Histoires de la Horde

Kaminska | Prélude partie 2

Kaminska 

II. L’Empire

La surface défilait sous le ventre de la monture si vite qu’il était presque impossible de distinguer les détails de la croûte brûlante recouvrant la planète difforme Har Pahary 1. Elle se trouvait si proche de l’étoile que les rayonnements terribles brouillaient les sondes et le radar de l’eagle, cela faisant du lieu un terrain parfait pour les entraînements au pilotage en rase motte.
Les canyons, comme de vastes balafres laissées par un bretteur enragé, offraient parfois une ombre salutaire permettant au vaisseau de refroidir un peu. Tout l’art consistait à profiter des rayonnements pour accélérer la vélocité du vaisseau tout en calculant une trajectoire traversant des zones d’ombre afin que l’appareil ne s’écrase sur une surface où avoisinaient les 400°C. 
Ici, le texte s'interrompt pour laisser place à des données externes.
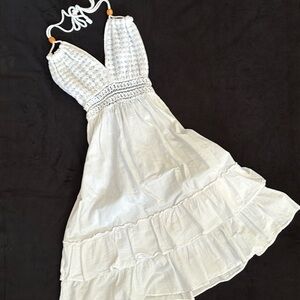 🌺 White Ruffled Crochet Halter Dress with Wood Bead Detail
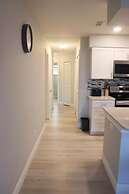 Grand Executive 3BD Condo Apartment Near Disney Parks 4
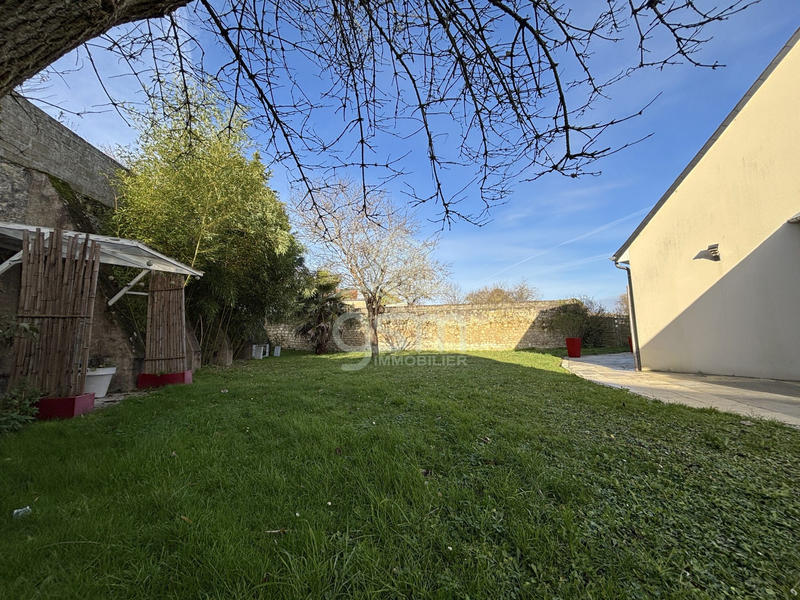 Maison traditionnelle - 164 m² - 6 pièces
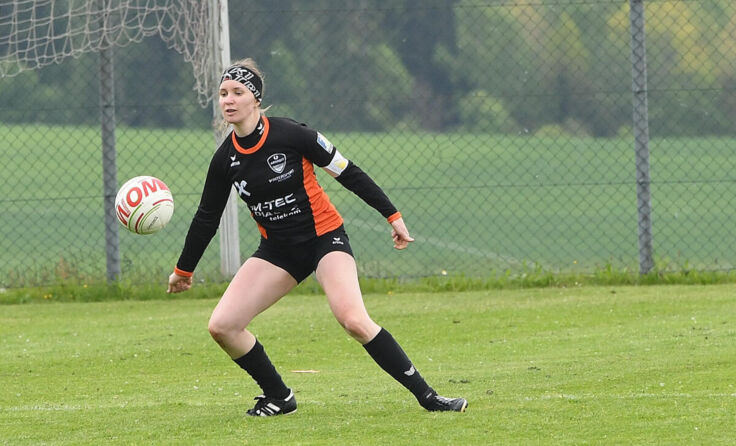 Tanja Gahleitner in der Abwehr (Foto: Manfred Lindorfer)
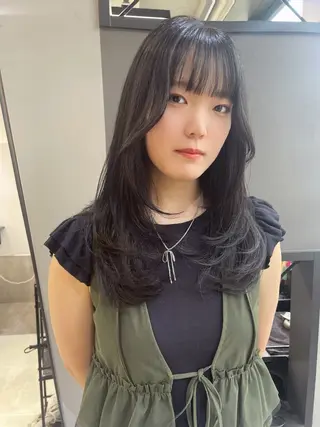 ロング カラー AIRI layer cut hairのヘアスタイル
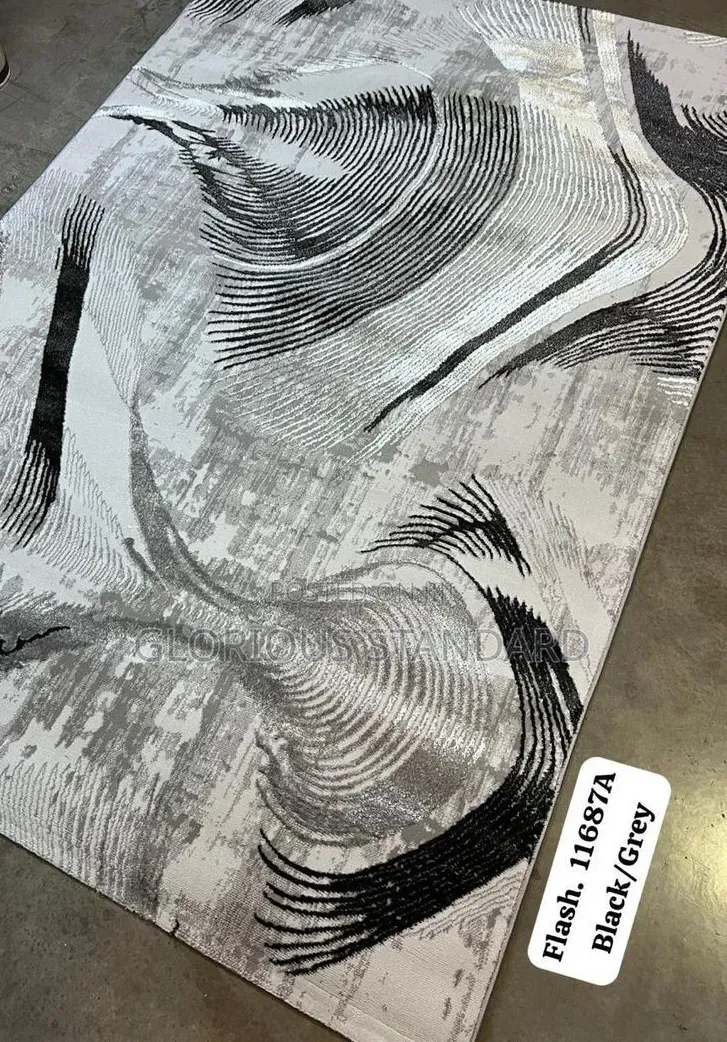 13 by 10 Center Rug
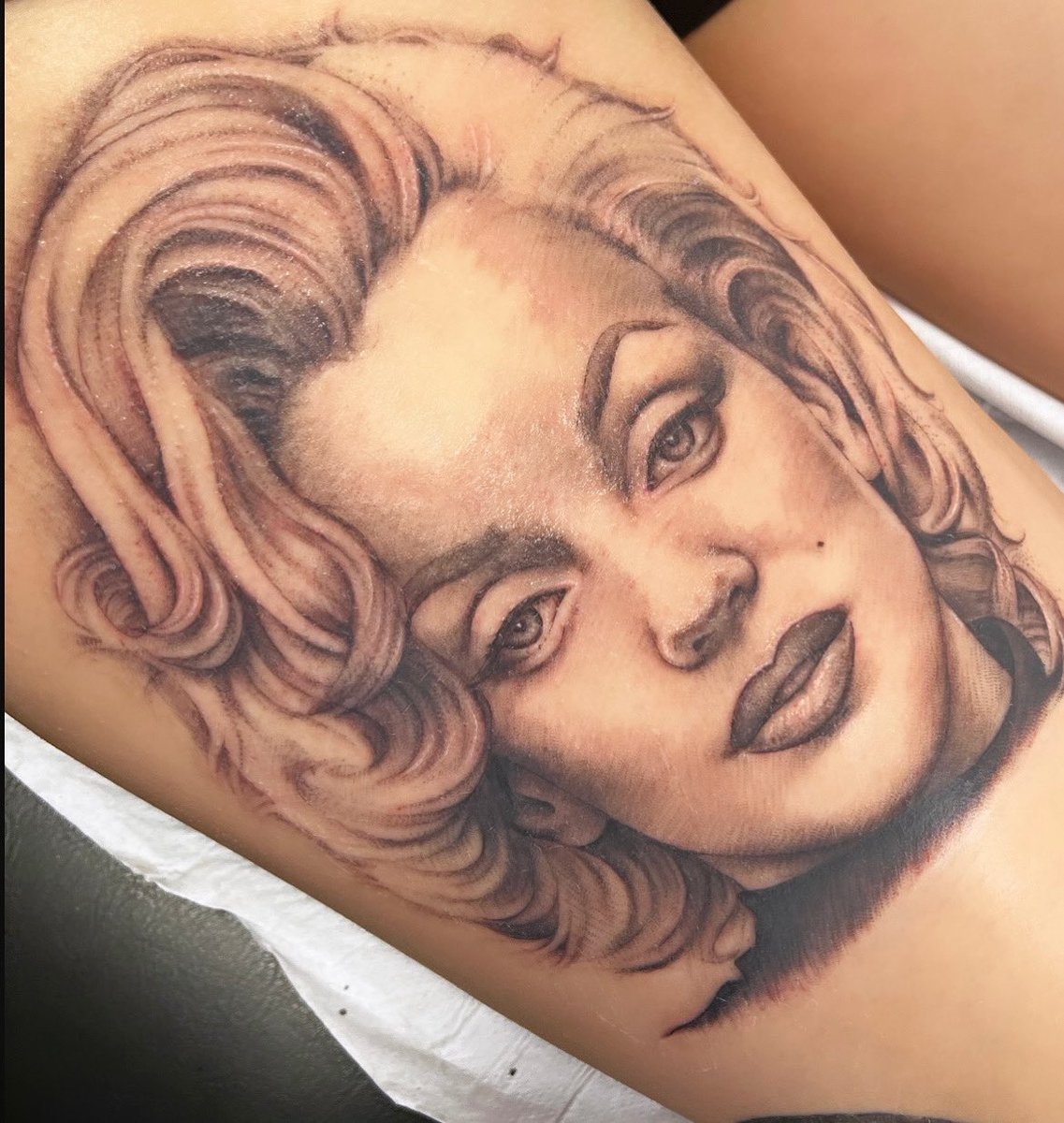 Pretty in Ink tweet media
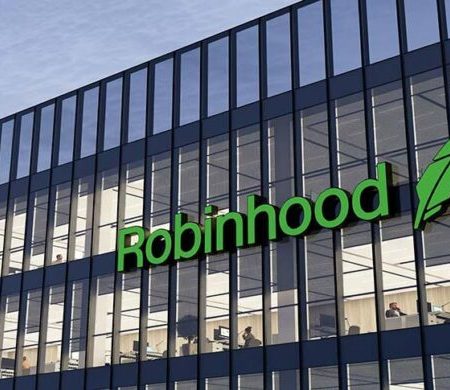 Robinhood Shares Soar After Q4 & Full-Year 2024 Results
L’intercom crépita alors que la jeune pilote s’enfonçait dans une vaste gorge qui scarifiait le paysage gris et monotone de l’équateur. 
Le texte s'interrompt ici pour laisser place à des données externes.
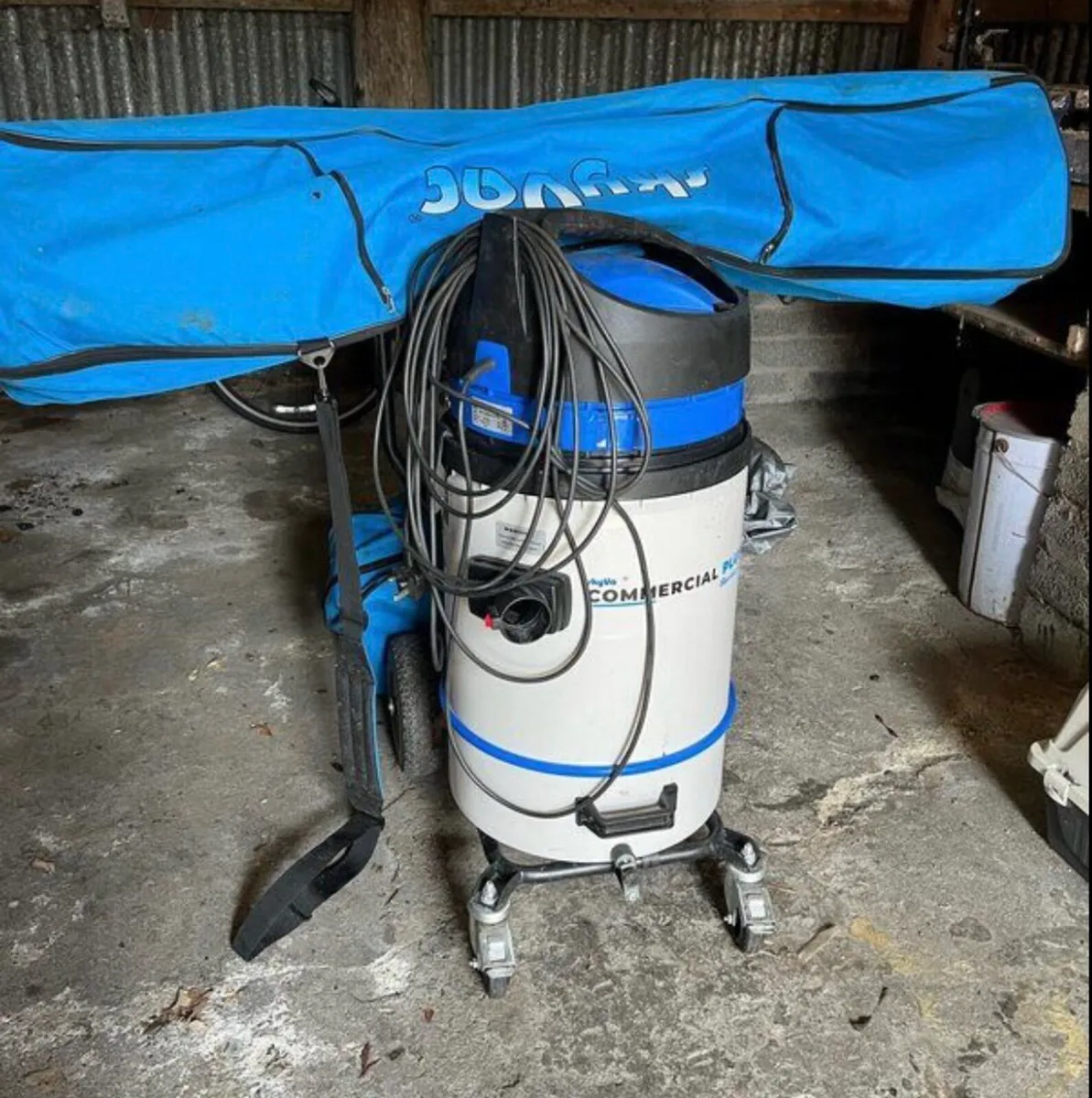 Gutter cleaning system - Image 1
-”Tu vas encore perdre poulette. C’est pas une sale chienne fédérale qui va me battre, foi de pilote impériale. Et je te préviens Cyrène, c’est pas moi qui vais payer ton ardoise au bastringue !”
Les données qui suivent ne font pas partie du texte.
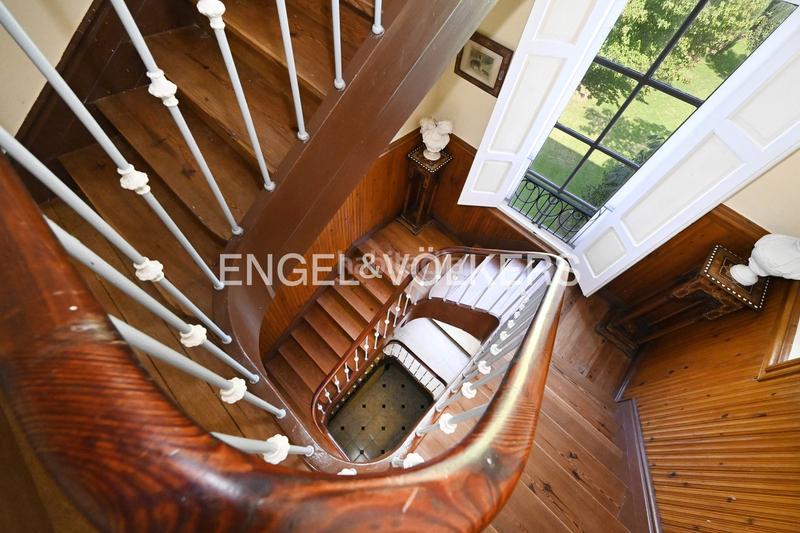 Foto 1006aeec-a274-48d7-973e-22edb2ba0359. Casa excelente casa indiana en cos en Mazcuerras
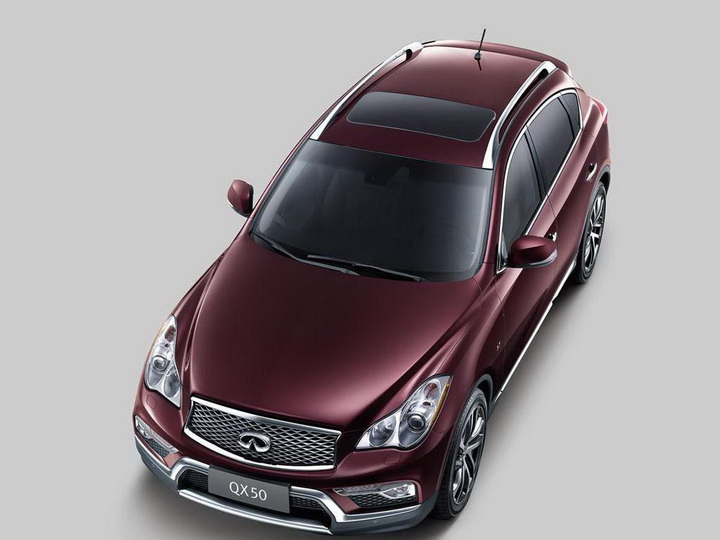 Самый компактный кроссовер Infiniti пережил "длинный" рестайлинг - ФОТО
Loara, avec ce franc-parler que seule une aristocrate de haut rang pouvait se permettre, s’était presque immédiatement liée d’amitié avec la jeune officière fédérale. Dès leurs premiers jours à l’académie des Cadets, les deux jeunes filles avaient sympathisé sous l’oeil libidineux des garçons de l’école navale. Elles n’étaient pas nombreuses à représenter le beau sexe dans cette promotion et leur rapprochement avait tenu presque autant à une protection mutuelle qu’aux centres d’intérêt qu’elles partagent. Rapidement, celle qui se faisait appeler Cyrène avait mis au pas les chiots excités aux regards douteux et aux mains baladeuses. Plusieurs s’étaient brûlé les ailes, affichant des jours durant les larges ecchymoses gracieusement offerte par une experte du corps à corps que la Fédération avait formée pendant plus de deux ans sur Lukka. Bien entendu, quelques jeunes élus avaient animé de mémorables nuits pour le moins torrides pendant les rares permissions qu’offrait l’Académie Impériale des pilotes. 

-”Serre tes virages princesse” rétorqua Kaminska “sinon je serais la seule à accompagner les garçons ce soir pendant que ton corps d’aristo retournera en morceaux chez ta chère môman !”

Les deux eagle filaient comme des fusées et allaient, sans aucun doute, établir leur nouveau record de vitesse. Elles étaient douées, rapides et habiles. Les efforts fournis pendant de longs mois avaient aiguisé leurs réflexes de manière remarquable. Il ne faisait maintenant plus aucun doute qu’elles allaient être classées parmi les meilleures de leur promotion et décrocher haut la main la certification du Cercle des Pilotes. 

Kamiska vira soudainement de bord et fit faire à son eagle un tour complet sur lui-même rasant de si près les falaises qu’une trace de poussière jaillit du bout de ses ailes. La manoeuvre risquée et admirable la plaça dans les six heures du vaisseau de Loara. Alignant ses armes et calculant rapidement l’angle balistique comme elle l’avait fait tant de fois un fusil de sniper entre les mains, la jeune pilote ouvrit le feu. Les balles traçantes jaillirent des trois multicanons pour aller s’écraser sur la poupe de son adversaire. La peinture macula le blanc scintillant de l’eagle d’exercice de sa rivale.

-”Tu as le cul tout sale Loara. Corvée de nettoyage pour toi au retour à quai princesse !”
-”Salope ! Tu me vaudras ça, espèce de garce ! Comment une fille de ferme sans famille ni renom se permet-elle de souiller ma noble croupe ?”

Sans famille, ni renom.

Loara avait de grands talents, une habileté de pilotage hors pair et se trompait rarement, comme si son destin avait été écrit par toutes les fées de la Galaxie rassemblées en colloque pour l’occasion. Mais sur ce point, ce point précis, la jeune impériale se trompait lourdement, ignorant qui était vraiment cette amie qu’elle pensait de souche fédérale. 

Mais c’était le plan.
Un plan vaste et puissant dont les effluves menaient bien loin de ce système, là où nichent de noirs oiseaux récemment abandonnés par leur leader et leur porte-parole.